What you will do →
Pictures in the material below are to be left out, and only the lines from the line with "Versace Kids Logo Patch Shorts In Blue" up to and including the line with "Juego de destornillador" are to be written out exactly.

*** Extracted material ***

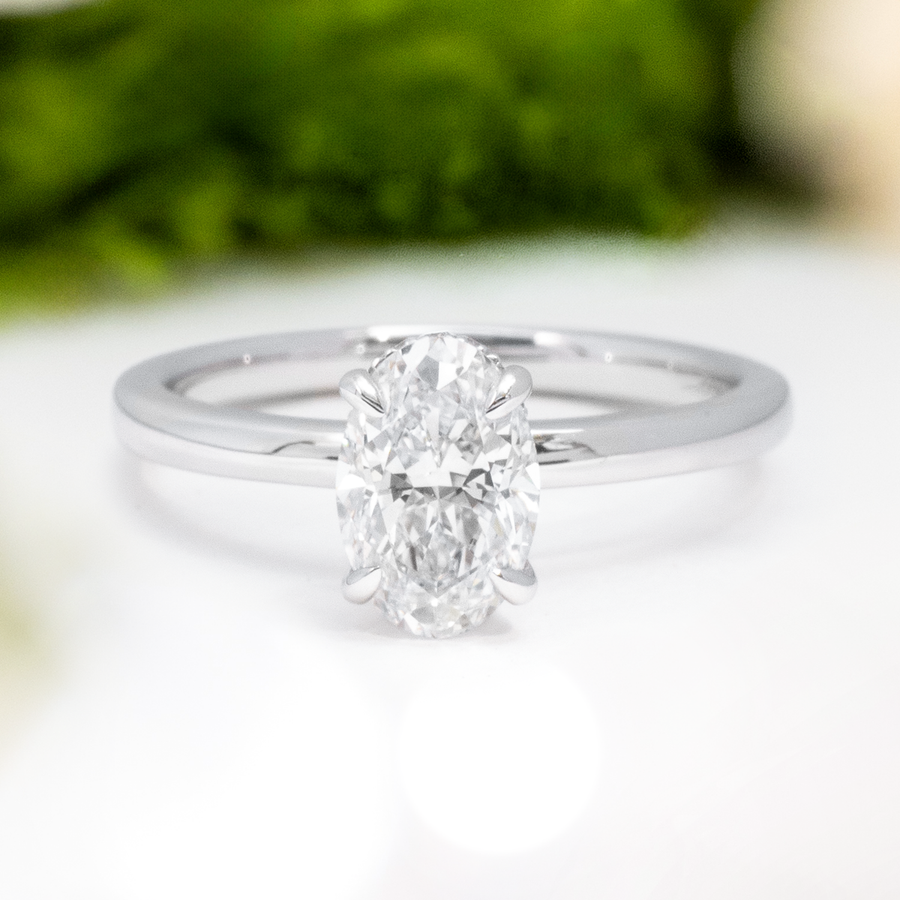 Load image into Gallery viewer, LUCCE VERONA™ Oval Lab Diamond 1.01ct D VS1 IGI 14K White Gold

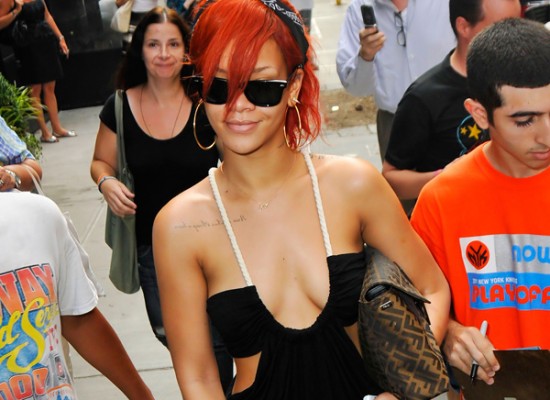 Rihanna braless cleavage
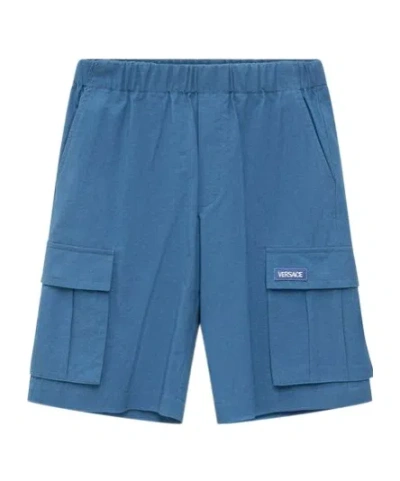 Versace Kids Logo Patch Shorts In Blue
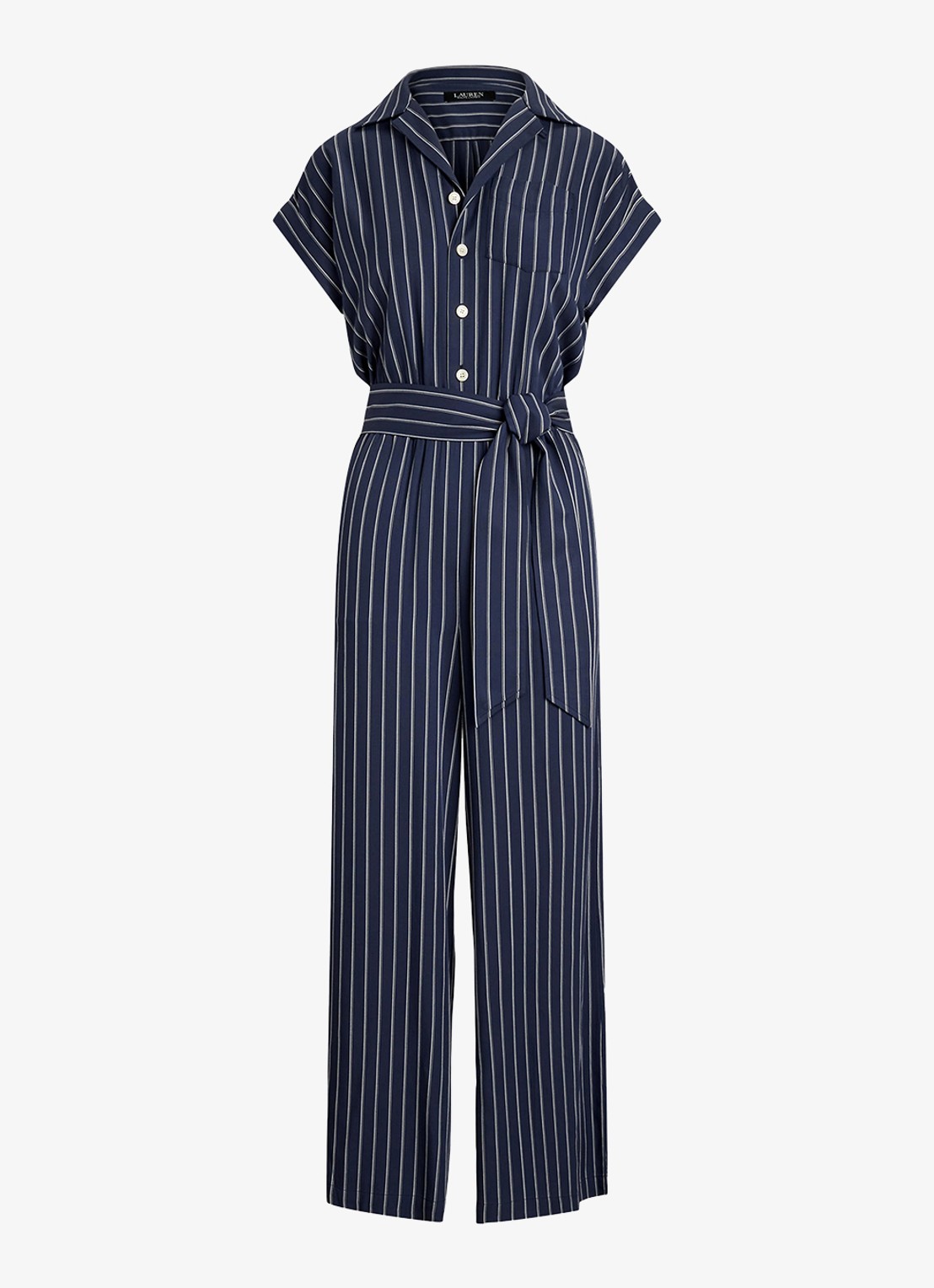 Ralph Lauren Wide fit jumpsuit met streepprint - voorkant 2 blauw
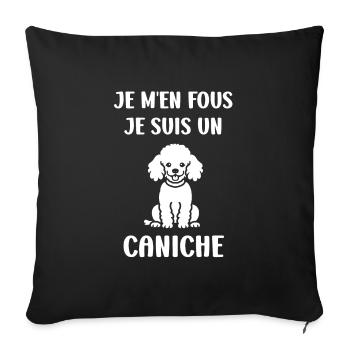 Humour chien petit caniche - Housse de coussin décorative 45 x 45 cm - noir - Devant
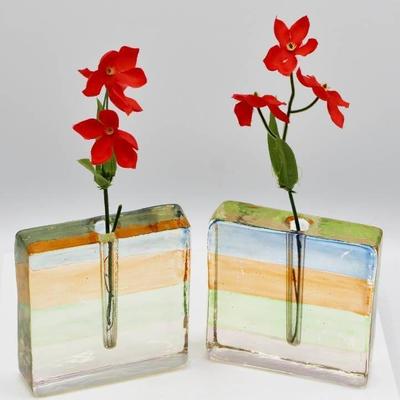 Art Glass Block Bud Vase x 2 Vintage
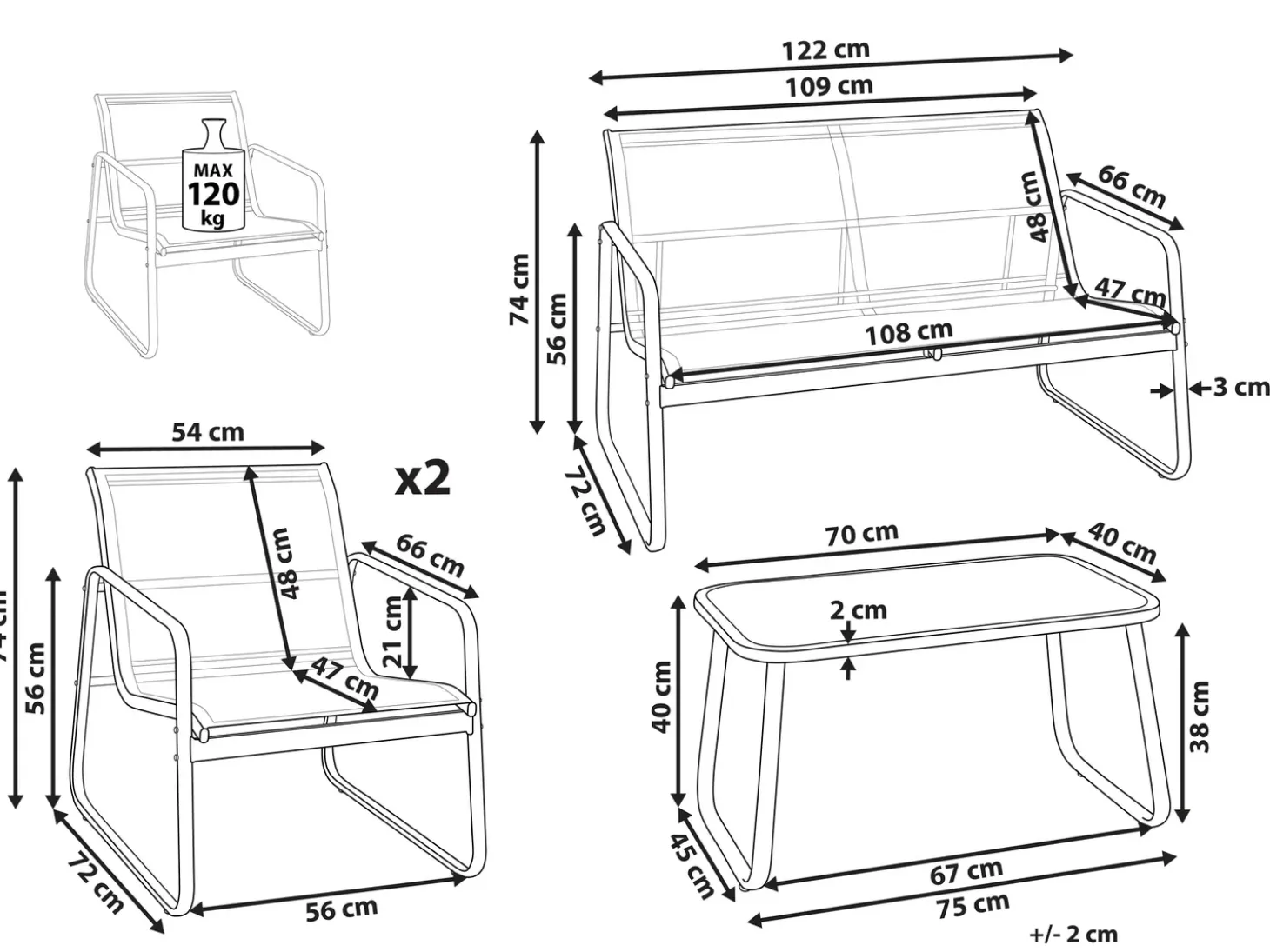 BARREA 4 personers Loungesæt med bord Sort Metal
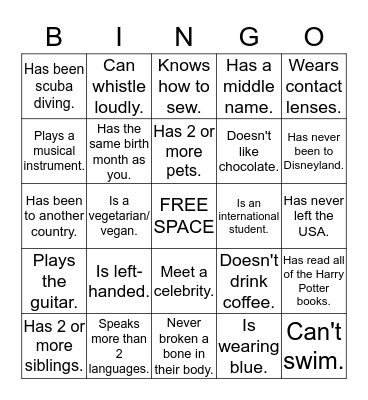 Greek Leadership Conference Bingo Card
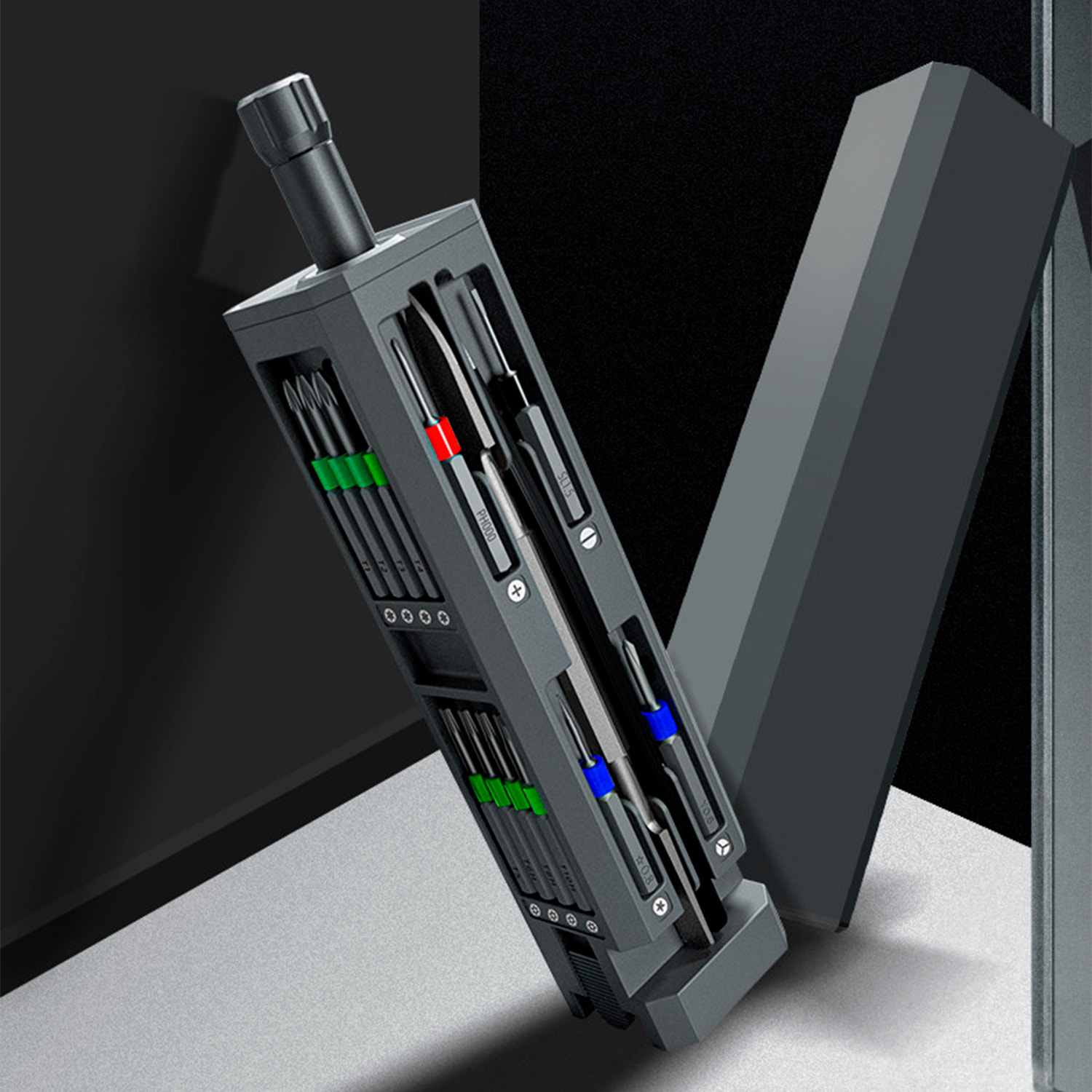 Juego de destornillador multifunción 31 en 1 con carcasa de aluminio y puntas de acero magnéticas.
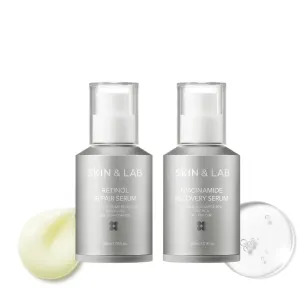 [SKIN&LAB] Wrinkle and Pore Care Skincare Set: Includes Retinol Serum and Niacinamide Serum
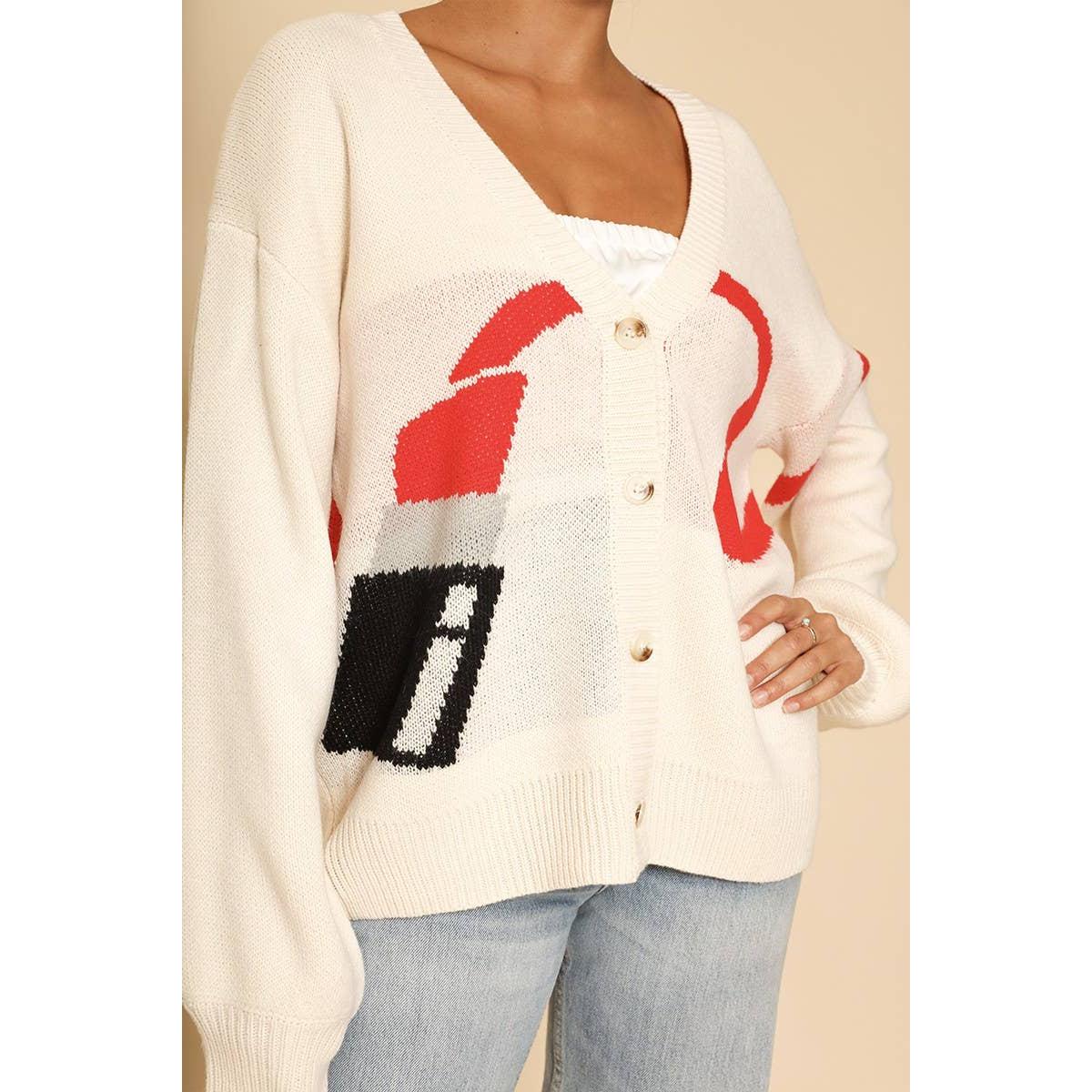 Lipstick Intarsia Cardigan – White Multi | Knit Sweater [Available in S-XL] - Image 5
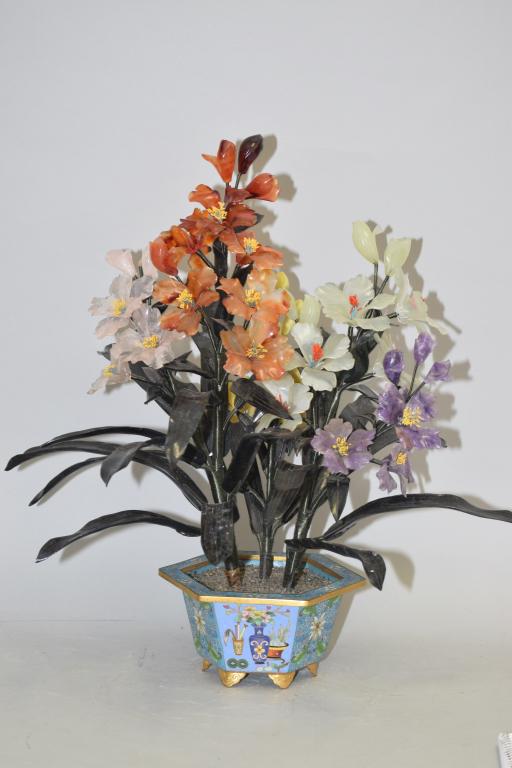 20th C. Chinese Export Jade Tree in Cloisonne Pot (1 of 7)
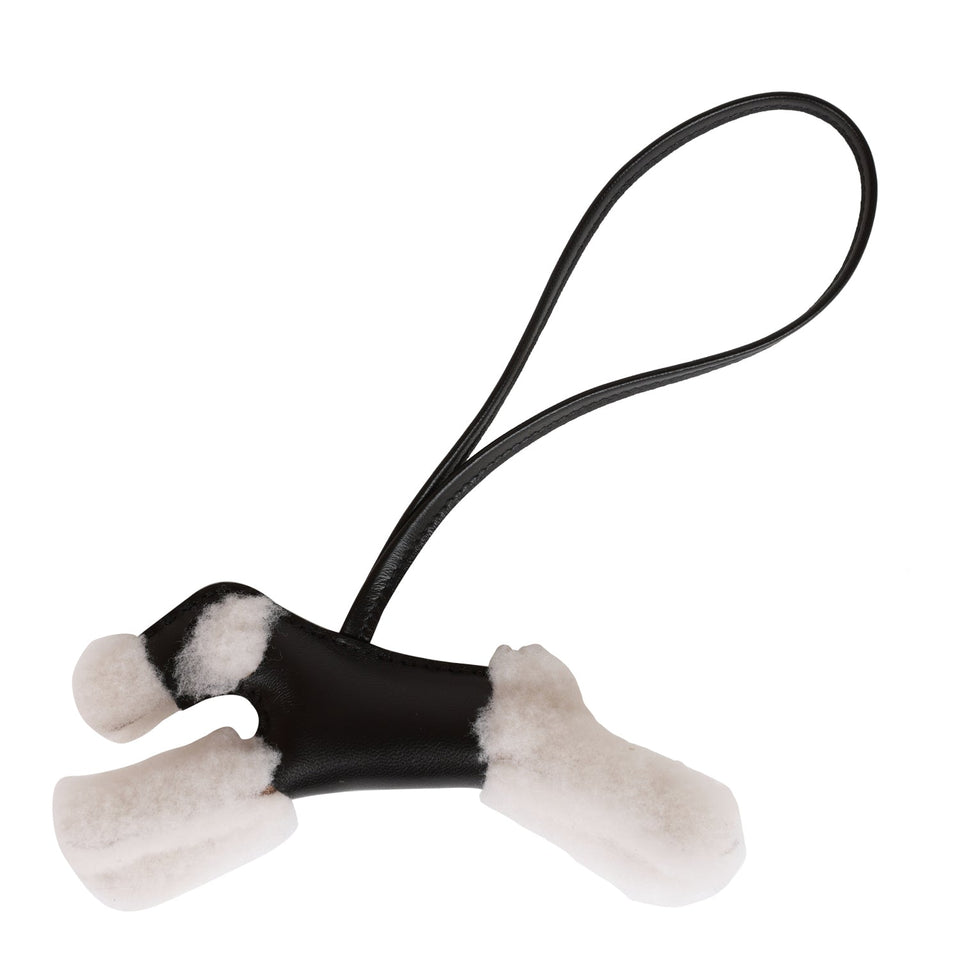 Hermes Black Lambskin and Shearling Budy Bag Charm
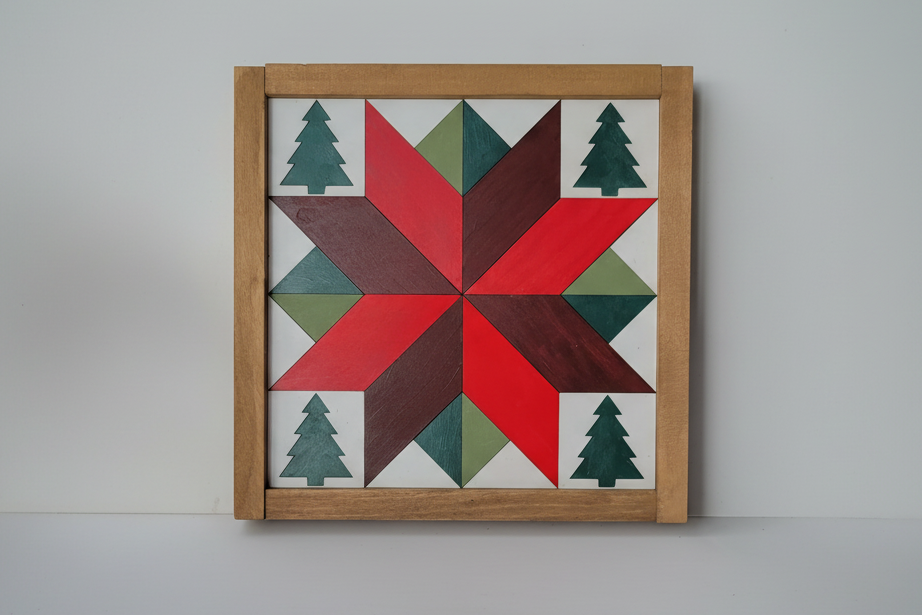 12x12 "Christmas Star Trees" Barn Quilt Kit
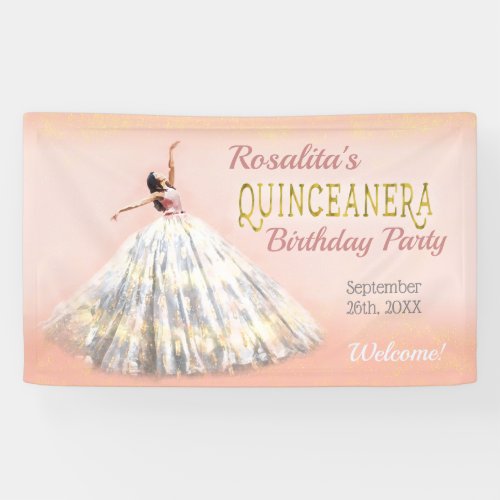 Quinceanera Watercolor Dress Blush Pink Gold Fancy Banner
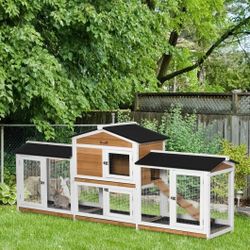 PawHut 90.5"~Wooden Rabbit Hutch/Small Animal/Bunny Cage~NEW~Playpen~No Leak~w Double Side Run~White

*** End of Extracted material ***

Solution to the problem →
 Versace Kids Logo Patch Shorts In Blue
 Ralph Lauren Wide fit jumpsuit met streepprint - voorkant 2 blauw
 Humour chien petit caniche - Housse de coussin décorative 45 x 45 cm - noir - Devant
 Art Glass Block Bud Vase x 2 Vintage
 BARREA 4 personers Loungesæt med bord Sort Metal
 Greek Leadership Conference Bingo Card
 Juego de destornillador multifunción 31 en 1 con carcasa de aluminio y puntas de acero magnéticas.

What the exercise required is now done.